I was raised by a single mom in a very pentecostal assemblies of god, church, went to the church camps ever summer..which was even more repressive and into rules than normal sunday, wednesday.friday church..hurt by a lot of people and a lot of legalistic people.. memories included holy spirit days at camp... and seeing how fake some of the people were. But more damage was done by my mom who used god as an excuse to try to control my life...and excuse her choices.

As a young adult, I became involved socially in the church, and started going to a womans prayer group which I had many spiritul experiences, and even sung in tongues once at a womans retreat after for eons of praying for the holyspirt to come.....tried at home many times..but knew I was jsut babbling...anyhow. and became facinated with the spirtirual realm and all that. After I moved out, I eventually stoped going to church and thease groups. My friends would call me and convince me into going to church with them.. and I would bow into peer pressure for a while and go with them, though mostly I think I just went to get out the house because I was so lonely living alone for the first time in my life.

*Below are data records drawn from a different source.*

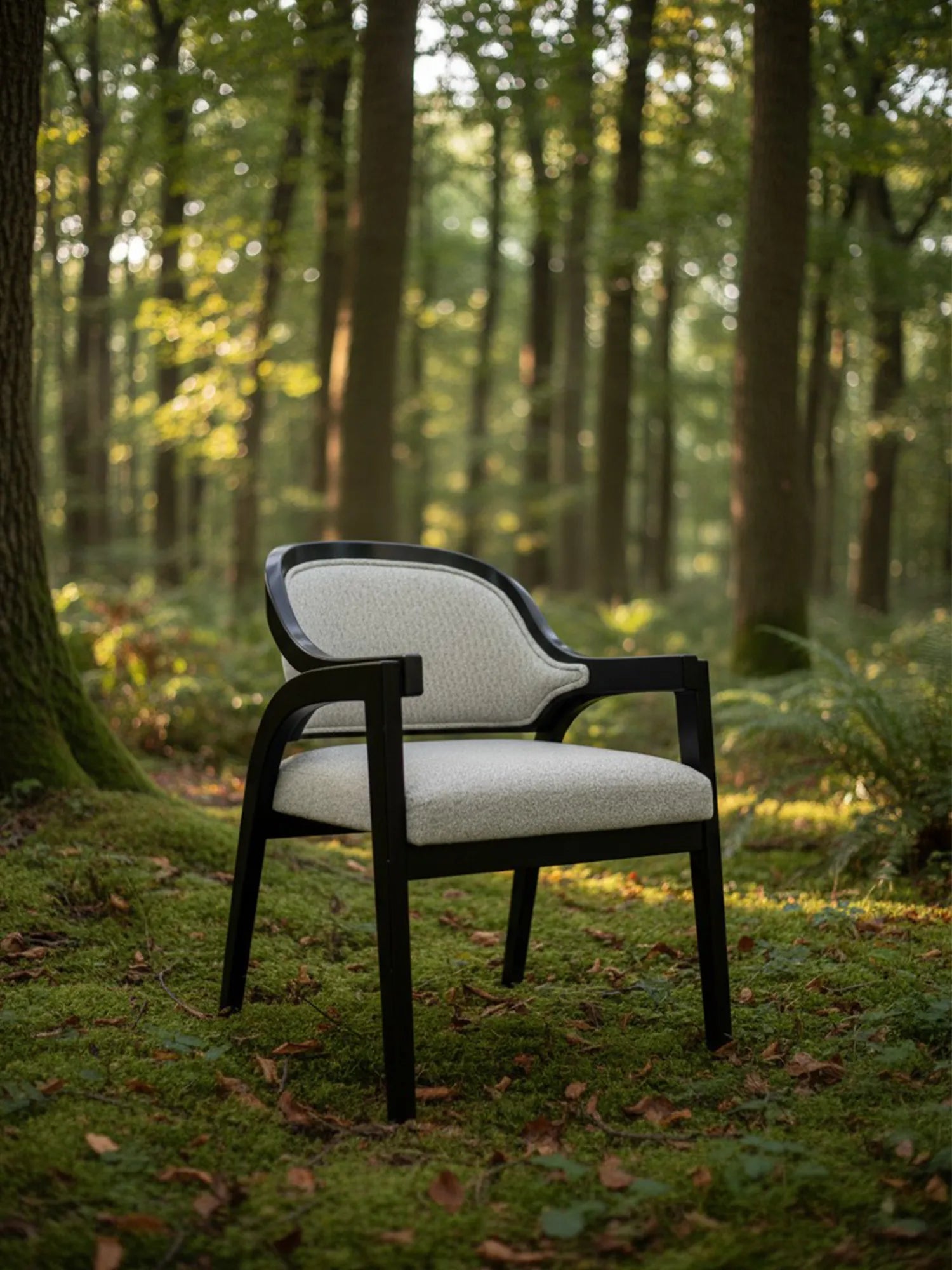 Rook Modern Ahşap Sandalye - Evimlüks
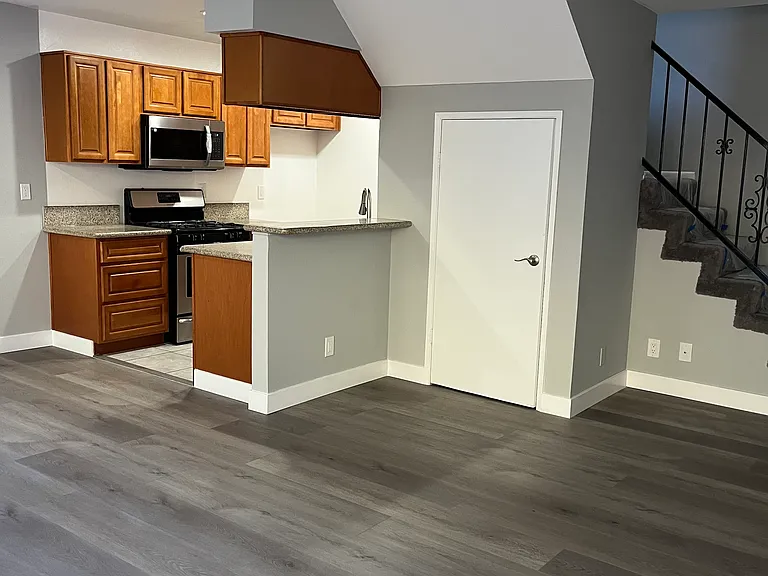 View as you enter apartment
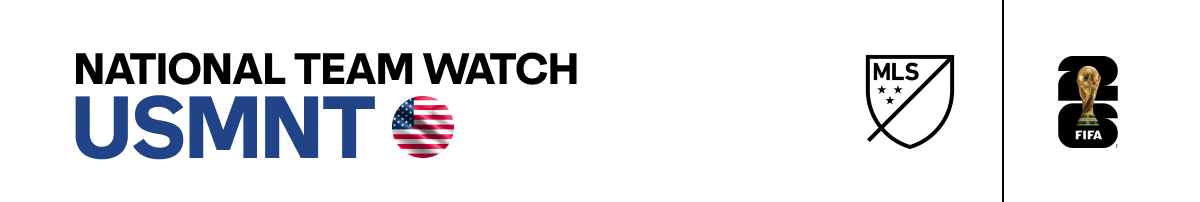 MLS - National Team Watch - USMNT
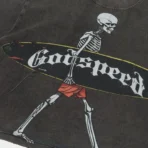 Grey Wash Godspeed Surf Day T-Shirt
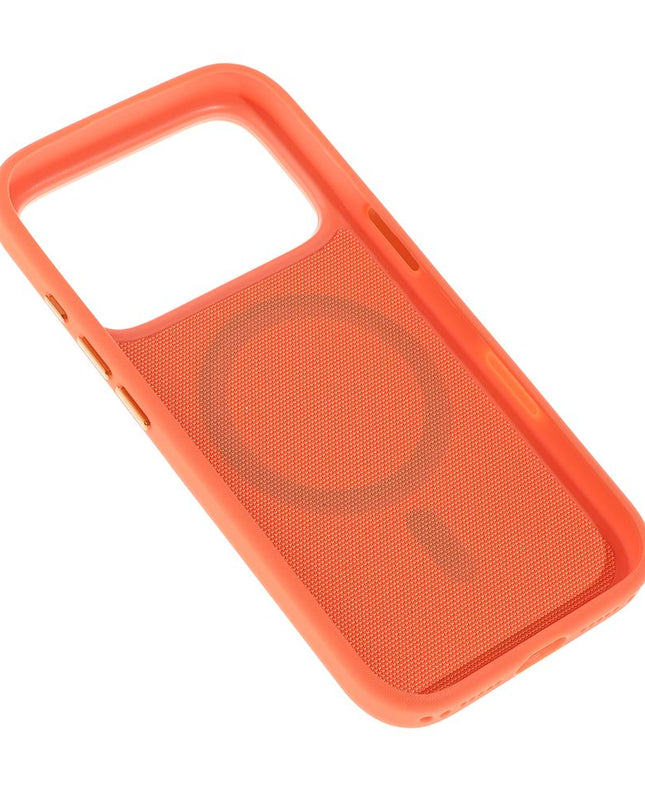 Maska za iPhone 17 Pro 6.3 narandzasta Magsafe TechWoven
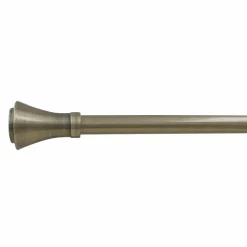 LUANCE Kit de tringle extensible (L120 - L210 cm / D19 mm) Brasserie Bronze Sale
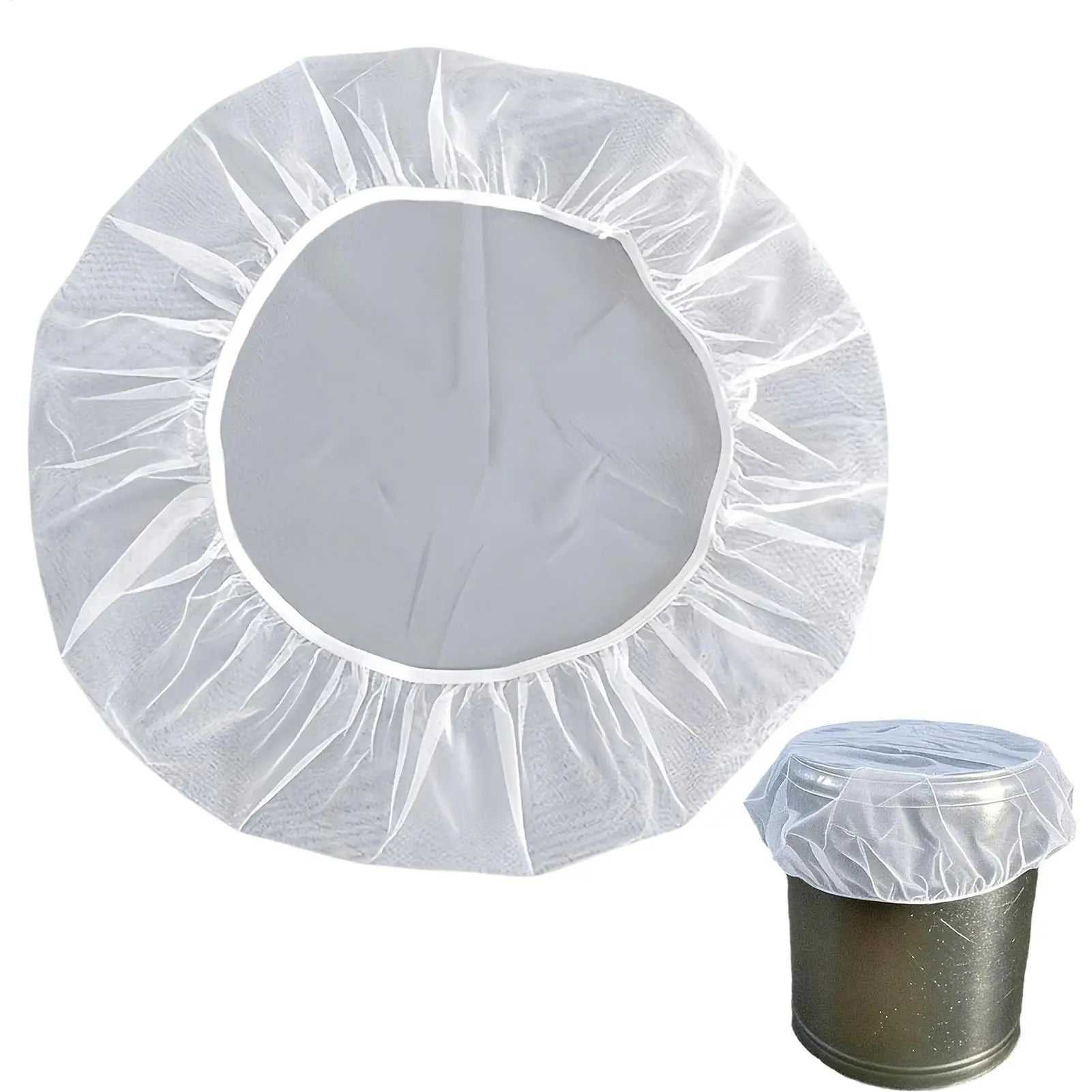 Rain Barrel Mesh Cover – Leaf & Insect Filter Screen Rain Barrel Cover Zpaxo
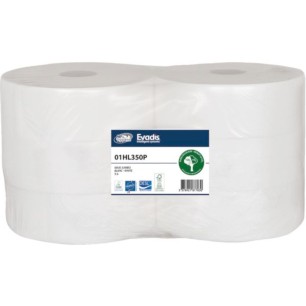 PAPIER TOILETTE MAXI JUMBO TYPE 400 m - Ballot 6 Rlx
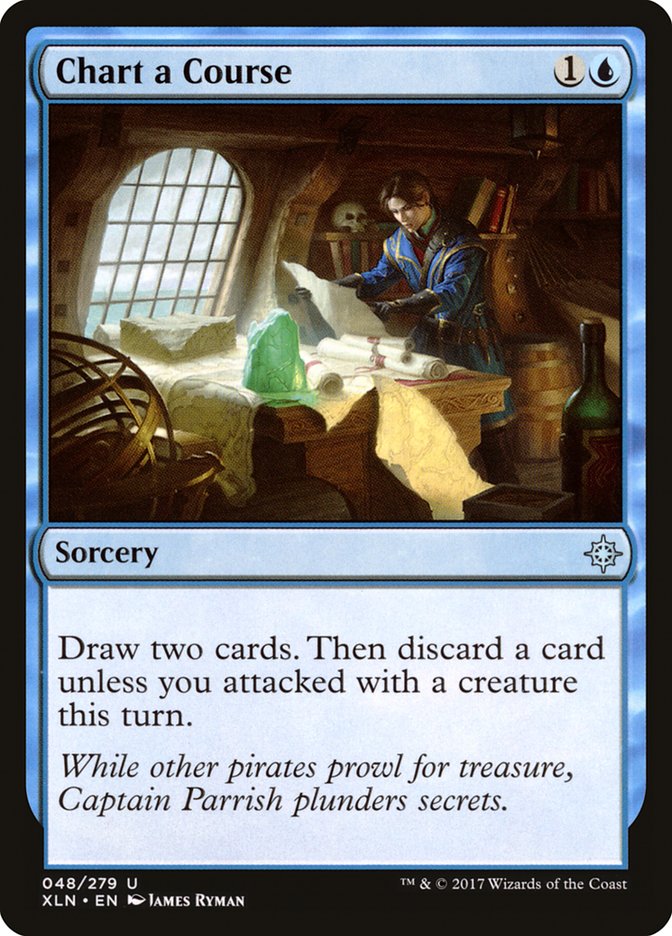 Chart a Course [Ixalan] | Total Play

I had my doubts of faith, but I never questioned christianity then or the core foundations... I did have trouble with some of the biblical views on woman,homosexuality,and a few other things too I am sure of...but I believed the trinity and God...and heaven and hell........ and hell mostly so I had to believe.. I had a couple of days where I rember that I did not think i believed anymore..but had my friend manipulate me into beliving and accepting christ again... I didn't want to loose my friends or go to hell.. that mostlly freaked me out.

As I continued to figure out what I belived, I didn't really want to go searching I did mostly accept that this was the way to go...UNTIL I realized that I didn't like the people, I didn't like them telling me what to think and how to think and how to worship and when to worship and that only men were allowed to serve on the board or usher on sunday mornings..and what the heck was with the whole submission thing.. I really tried to belive that one but just couldn't. So I stopped going to church for the most part.. with the odd attendence here and there..sometimes my roomate would convince me to go to church with her.

I ended up deciding that I wanted to live by myself and live how I wanted to live. I tried going back to church and was saddened and dissapointed and felt alienated. I went to the church I was raised in and relized that if I ever had kids I did not want to raise them there..thought maybe I can find a church I feel safe in..lol that does not exsit... I have come to the conclusion. Have been hurt by so many christians over the years and only once ever had a close friend from church. (I ended up meeting my christians friends through my former christian job...)

I guess my faith really started to erode last december when I didn't want to spend my time in church and I didn't want to do great things for the kingdom... I wanted to sleep and do pilates and gasp YOGA.. and read books that had magic in them...sigh... and when my former spirtiual mentors husband died of a heart attack in his 40's... I just wondered how could God allow this wonderful person to just die and leave my then mentor a widow..It didn't seem right. I also had a personal crisis where I tried turning to God and could not find any comfort or hear anything at all from him, and had to draw on other strenghts and coping mechanisms to get through it..and you know what I got through it..and felt very dissapointed.. I called my christian friend and asked for prayer..but she did not seem to care about me..and has since and before said many many hurtful painful things to me and not really cared or been there when I really needed someone. I finally started doing things that made me happy, and started doing things that I had always wanted to do but just couldn't. I finally felt like I could breath again and was happy. And all this with out religion or jesus setting me free... I tried praying and beliving and having faith..It didn't work.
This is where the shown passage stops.